Taking time for introspection is always a valuable endeavor. This principle holds true for personal growth and for the success of your franchise. We need context that comes from assessing our progress and our relationships with others. If we are to properly prepare for 2024, we need to understand how we compare with our competitors.
Performance benchmarking
Performance benchmarking for franchises involves a methodical, objective process of evaluating performance in relation to peers and best-in-class systems. This evaluation encompasses system growth, unit success, turnover, financial metrics of both franchisor and franchisees, franchise offering terms, support programs, franchisee satisfaction, and marketing practices. The aim is to recognize the strengths and weaknesses of your system in comparison to competitors and establish targets for advancement. Common metrics include
- System growth over time, including new units added annually, units transferred, renewals, etc.

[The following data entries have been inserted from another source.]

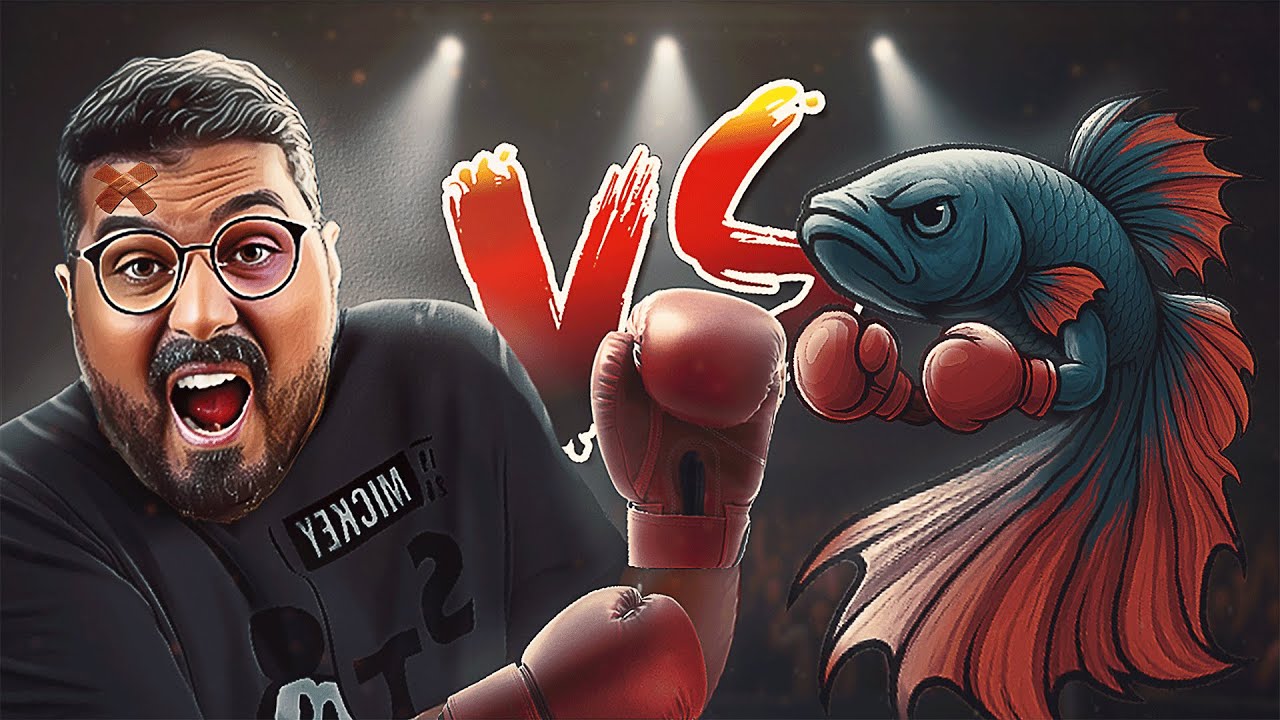 هل سمكة الفايتر سهلة التربية؟ اكتشف أسرار العناية بسمكة الفايتر او سمكة البيتا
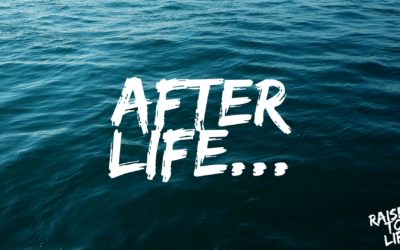 Raised to Life: After Life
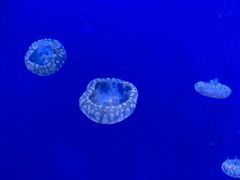 -芜湖新华联大白鲸海洋公园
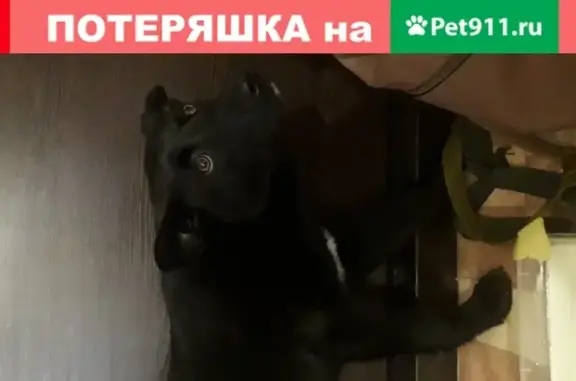 Найдена собака в Барнауле на Павловском тракте
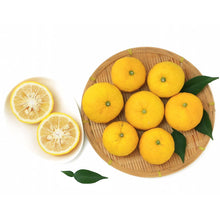 Load image into Gallery viewer, Citron | Yuzu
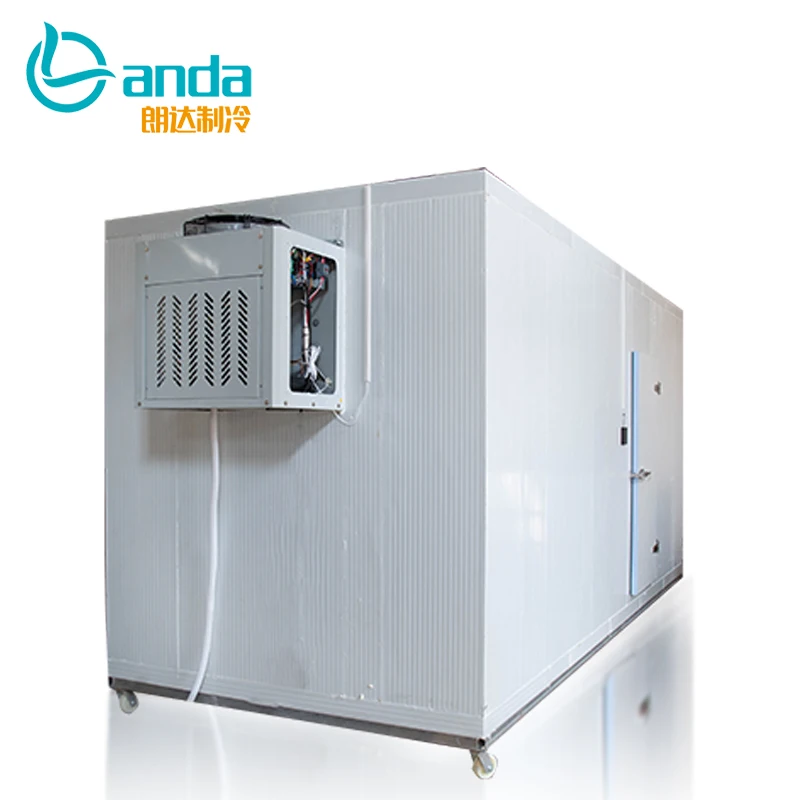 Walk in Freezer Chamber Refrigeration Chiller Room Large Cold Storage Room Low Price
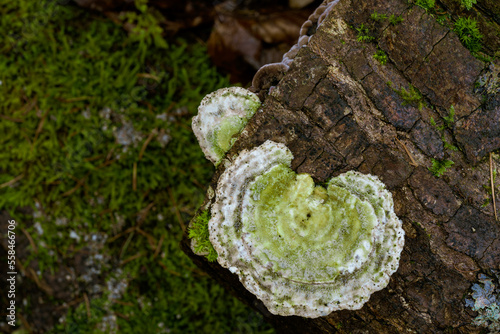 Fungus on Tree Bark. Fungus growing on tree bark, ideal for backgrounds, nature themes, texture themes.

 photo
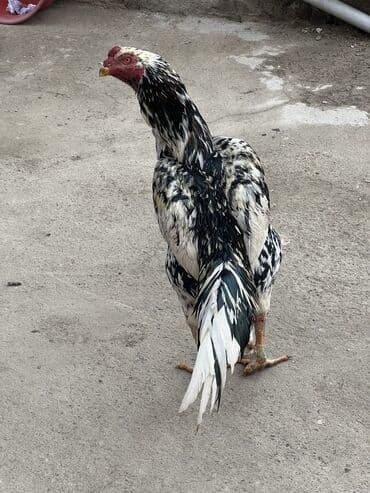 Үй жаныбарлары үчүн товарлар: Продаю дакан — 1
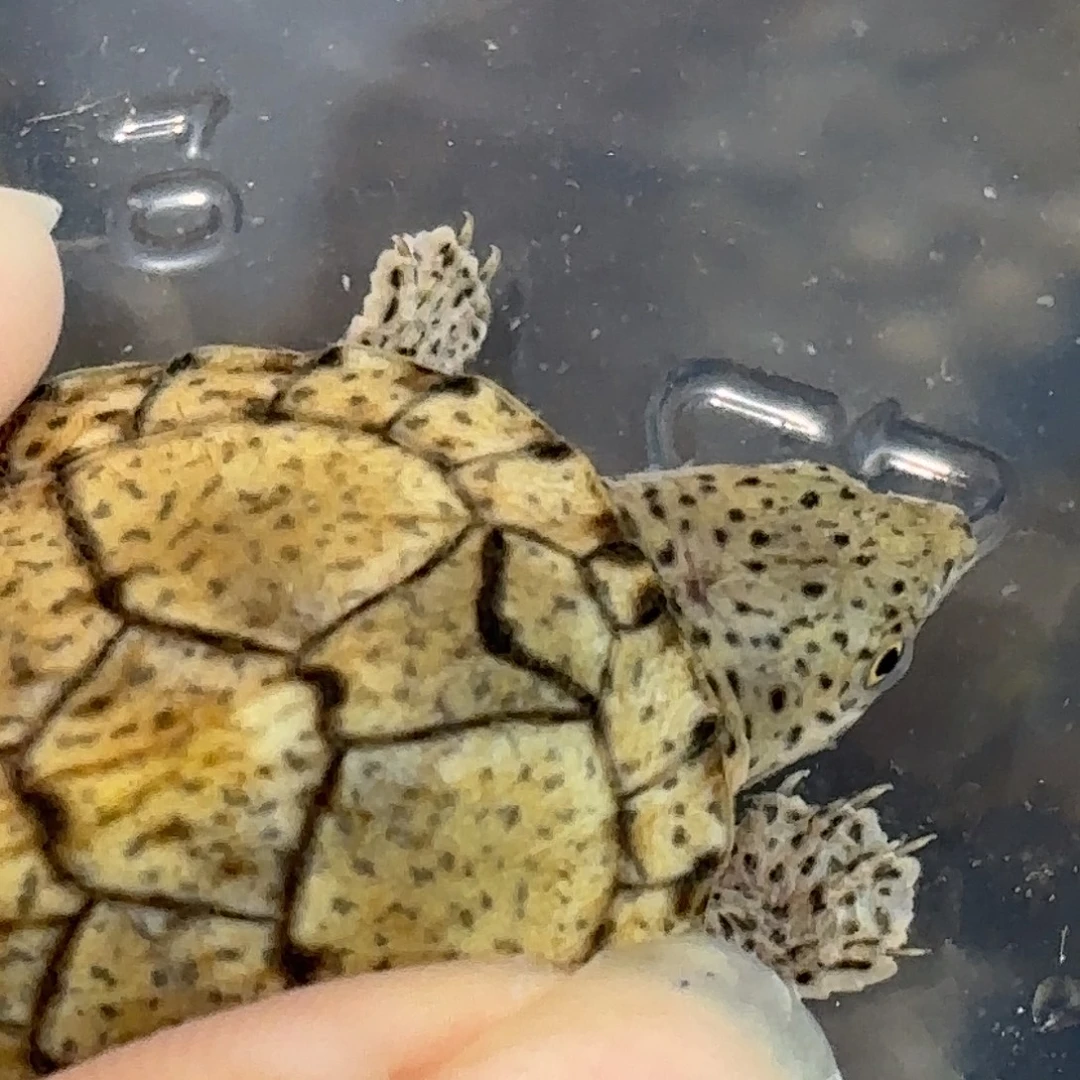 宠物龟不分公母红领巾双满文密纹黑刀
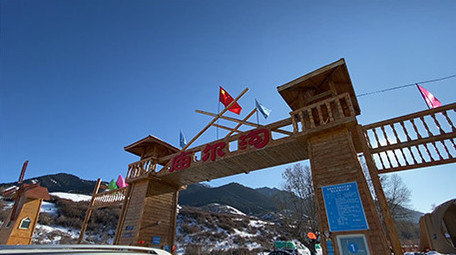 冬天新疆雪景庙尔沟森林景区实拍视频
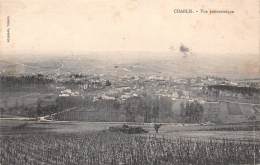 Chablis       89        Vue Panoramique    - En Partie Décollée -            (voir Scan) - Chablis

- System geography, encompassing projected growth, available territories, and competitive landscape
- Franchising programs, such as multi-unit agreements and area development, and the use of incentives
- Fee structures, covering initial fees, royalties, startup marketing, and other requirements
- Initial investment considerations, including unit and territory size definitions, and real estate arrangements
- Unit financials, such as AUVs and EBITDA
- Recruitment strategies and marketing messaging, involving the use of brokers, area representatives, social media, and opportunity sites
- Support programs and staffing
- Franchisee profiles, distinguishing between multi-unit owners and single-unit operators as well as evaluating franchisee satisfaction levels
Getting a view of all this information about yourself and where you stand against your peers is invaluable.
Who are your peers?
Identifying the right peers is crucial to the usefulness of the process. Be sure to consider the competitive landscape separately for your customers, prospects, and employees.
If you are a small brand with fewer than 100 units or operating for only a few years, does it make sense to compare yourself to well-recognized national brands when looking at customers? You might be able to learn from them, but their operations probably are too different from yours at this point to help much. What about ownership? Do independent brands operate the same way as brands that are part of a platform or that have PE investors behind them?
Consider who is competing for your franchisees’ customers. From your system-wide perspective, you may say that these other industry brands are direct competitors, but if you ask your franchisees, they may be thinking locally. Who is located near them that is competing for the same dollar?
Think about franchisee recruitment. Which brands are competing with you for prospects? Do initial investment and the financial model determine your competition? If a prospect doesn’t join you, do they go to another brand in your industry or look at other businesses? Maybe what you want to compare is your offering terms, sales process, and messaging. The same approach applies to employee recruitment.
Take both a wide-angle and a narrow view at the same time. Understand if your entire industry is growing or struggling but also compare new unit sales to brands that are competing for the same franchisee prospects. Further, be aware of new brands in your sector. They could have an innovative or more operationally efficient offering with great appeal to your prospects.
The benefits
Why do all this work? There are enormous benefits to doing benchmarking.
Improved decision-making. Benchmarking provides data-driven insights that inform decision-making. It allows businesses to make informed choices based on industry best practices and competitor performance.
Identifying performance gaps. By comparing their performance to that of competitors, franchises can identify gaps that may highlight areas that require immediate attention and improvement.
Setting realistic goals. Why do your new year’s resolutions fail? Sometimes, it’s because we are too ambitious. Benchmarking helps you set realistic, achievable goals. It provides an understanding of what others in your industry are achieving, allowing companies to set targets that are both challenging and attainable.
Enhanced operational efficiency. Benchmarking encourages the adoption of best practices, leading to increased operational efficiency. You can learn how others are addressing similar problems.
Performance benchmarking stands as a powerful tool for evaluating and improving your franchise’s performance in today’s dynamic markets. When wielded effectively, it offers insights that drive informed decision-making, boost operational efficiency, and foster a customer-centric approach. By striving to learn from the best and continuously enhance your performance, you position your franchise for long-term success in a competitive world.